In a perfect world, all three phases would be equal in voltage and current, but if the loads on the phases aren’t balanced, an imbalance can lead to a drop in voltage.
The loads on the phases affect the amount of current flowing through each phase, so if one phase has a heavier load than the others, it’ll draw more current, which can cause the voltage on that phase to drop. That makes sense. That’s because the voltage drop across the impedance of the line is proportional to the current flowing through it.
But that’s not all, folks. An imbalanced load can also cause the generator or transformer supplying the power to become overloaded on the phase with the heavier load, which can also cause a voltage drop. This can lead to increased heating and wear on the equipment and reduced efficiency. Not good.
So, how can we prevent low voltage due to imbalanced loads? Well, it’s all about balancing the loads on the three phases as much as possible. That means redistributing the loads or adding additional loads to the lighter phases. Sometimes, you might need to install phase-balancing equipment or a voltage regulator to maintain a stable voltage. It’s all about keeping that power flowing smoothly, folks.
|Resistance||Resistance in the circuit can cause a drop in voltage as current flows through the circuit. This is known as voltage drop. The greater the resistance, the greater the voltage drop.||Common|
|Length of wire||The length of the wire in the circuit can also contribute to a voltage drop. The longer the wire, the greater the voltage drop. This is because the resistance of the wire increases with length.||Common|
|Faulty connections||Loose or corroded connections in the circuit can cause a voltage drop. This is because the resistance of the connection increases, which reduces the flow of current and voltage.||Common|
|Overloaded circuit||An overloaded circuit can cause low voltage. The voltage may drop below the required level if the circuit draws too much current.||Common|
|Temperature||Temperature can affect the resistance of the components in the circuit, which can cause a voltage drop. As the temperature increases, the resistance of the components increases, which reduces the current flow and the voltage.||Less Common|
What Happens When the Circuit Has Low Voltage?

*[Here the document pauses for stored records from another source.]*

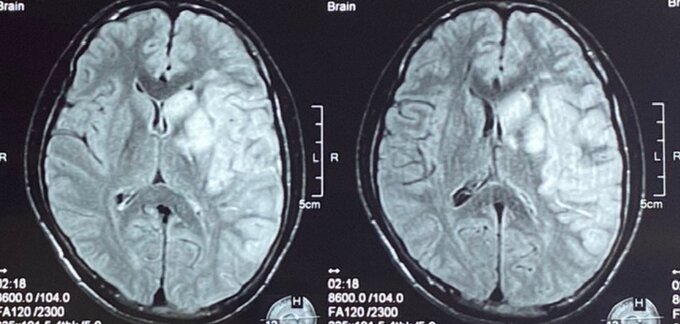 Kết quả chụp MRI của bệnh nhân P.T.A  (Ảnh BVCC)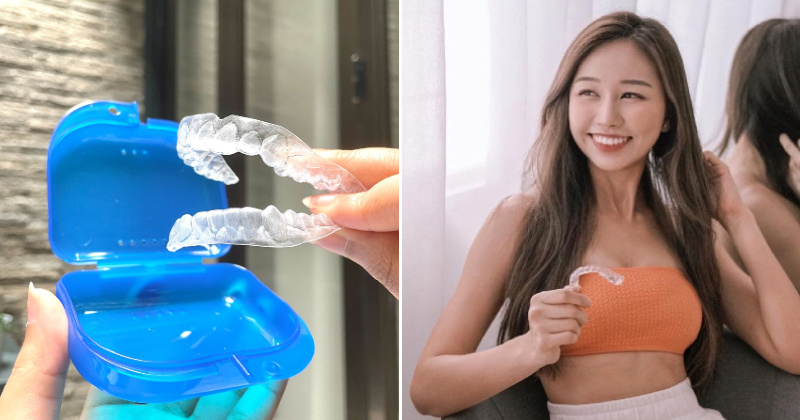 WOB Zenyum braces feat 2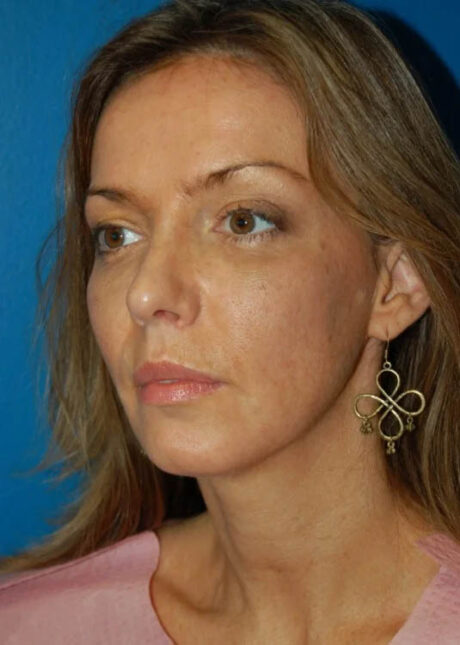 Chin Implant case #4183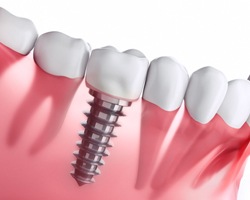 dental implant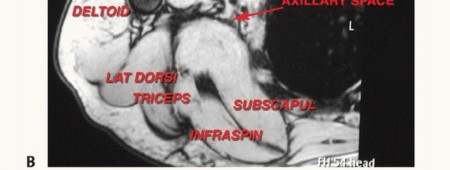 Illustration 4 for Axillary Space Exploration: Surgical Resection of Complex Tumors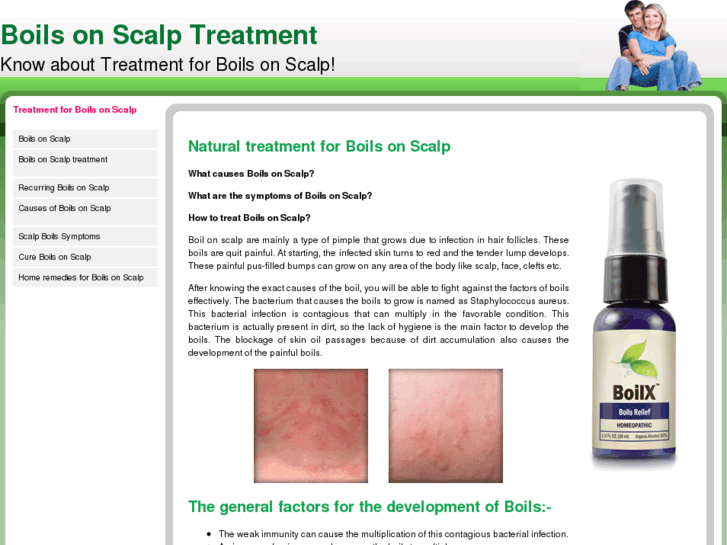 www.boilsonscalp.com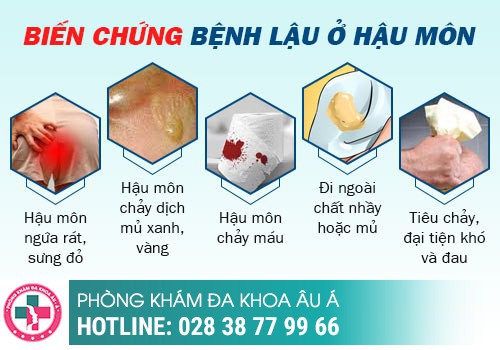Hình ảnh bệnh lậu mãn tính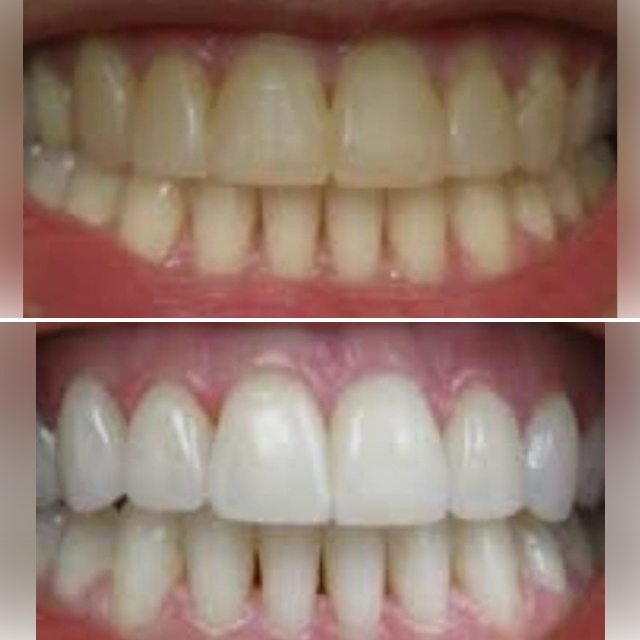 Patient 4: teeth before (top) and after (bottom) whitening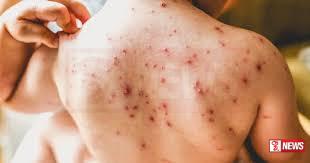 එක්සත් ජනපදයේ සරම්ප රෝගීන් ඉහළට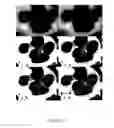Fig. 22 - Methods and systems for customizing cochlear implant stimulation and applications of same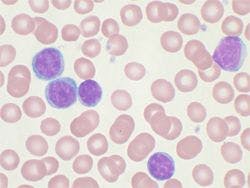 Peripheral blood smear showing CLL cells
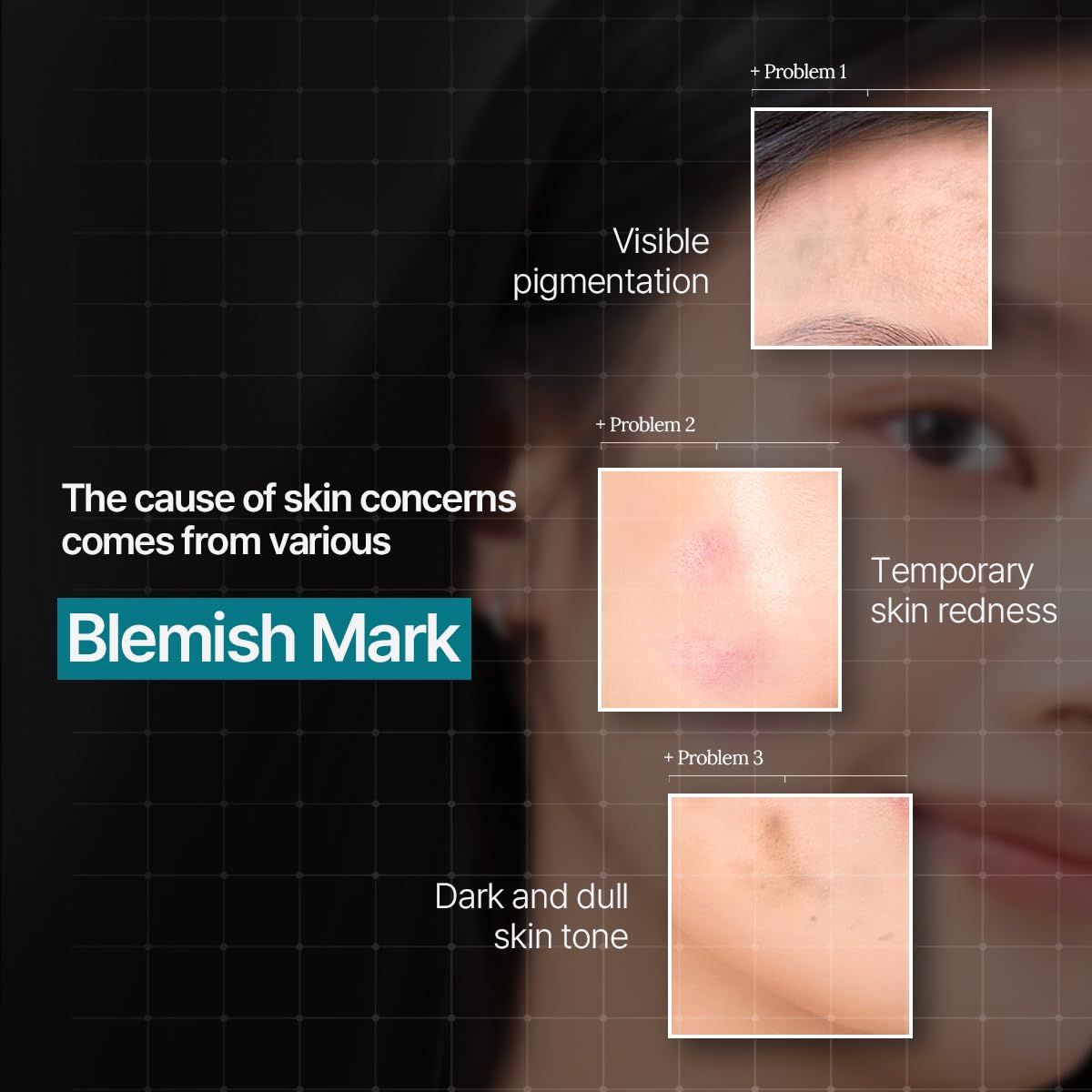 Mediheal Madecassoside, Soothing and Hydrating Sheet Mask for Redness, Blemishes, and Skin Barrier - 24ml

You now know the causes of the low voltages at your house or office. But do you know what happens when the light fixtures and electrical appliances are exposed to such low voltage? If not, here are some of the most common outcomes.

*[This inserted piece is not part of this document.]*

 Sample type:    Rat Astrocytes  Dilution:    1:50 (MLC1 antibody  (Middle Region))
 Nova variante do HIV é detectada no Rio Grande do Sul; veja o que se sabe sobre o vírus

Light fixtures will start to dim when the voltage exceeds the required levels. This is the first sign you can observe, which is pretty convincing. Or sometimes, light fixtures will stop working entirely.
Apart from the light fixture dimming issue, you’ll get poor performance from the appliances, or they might stop working. This happens because of the low voltage, and it overheats the appliances to the point that they stop working.

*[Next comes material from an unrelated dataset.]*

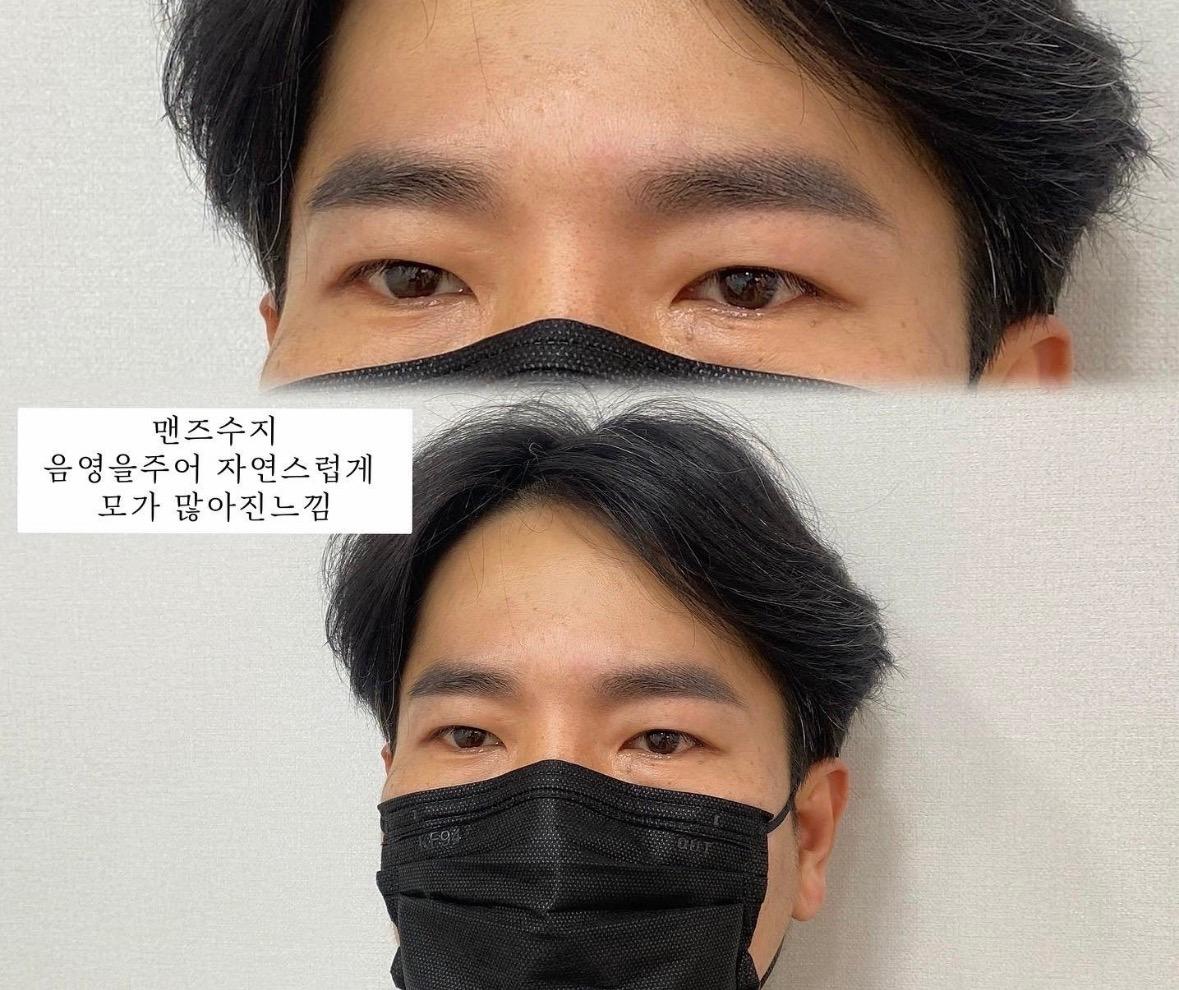 하이브로우 사진 2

Can Low Voltage Damage Appliances?
All manufacturers design electrical appliances in a way that they operate under certain limits. For instance, most household appliances are made to work with 230V. These appliances will work with that voltage and give you their maximum lifetime.
However, when the voltage is low, the amperage will increase, melting or damaging the appliances over time. Or appliances might malfunction regularly. Either way, the above outcomes are unpleasant, and you might have to find a solution for a low-voltage issue.
How to Fix Low Voltage Issues?
Fixing the low voltage issue should be handled by a qualified individual only. But having said that, you can do a few things to fix this issue.
Check and Fix the Wire Connections
As I mentioned at the beginning of the article, corroded wires and poor connections can be causes of low voltages. Hence, strip off any corroded wires and check all the suspected wire connections. You might be able to fix the low voltage issue without professional help.
Installing Voltage Stabilizer
This is also an excellent solution to fix low-voltage issues. Installing a voltage stabilizer in your power grid will keep the voltage stable.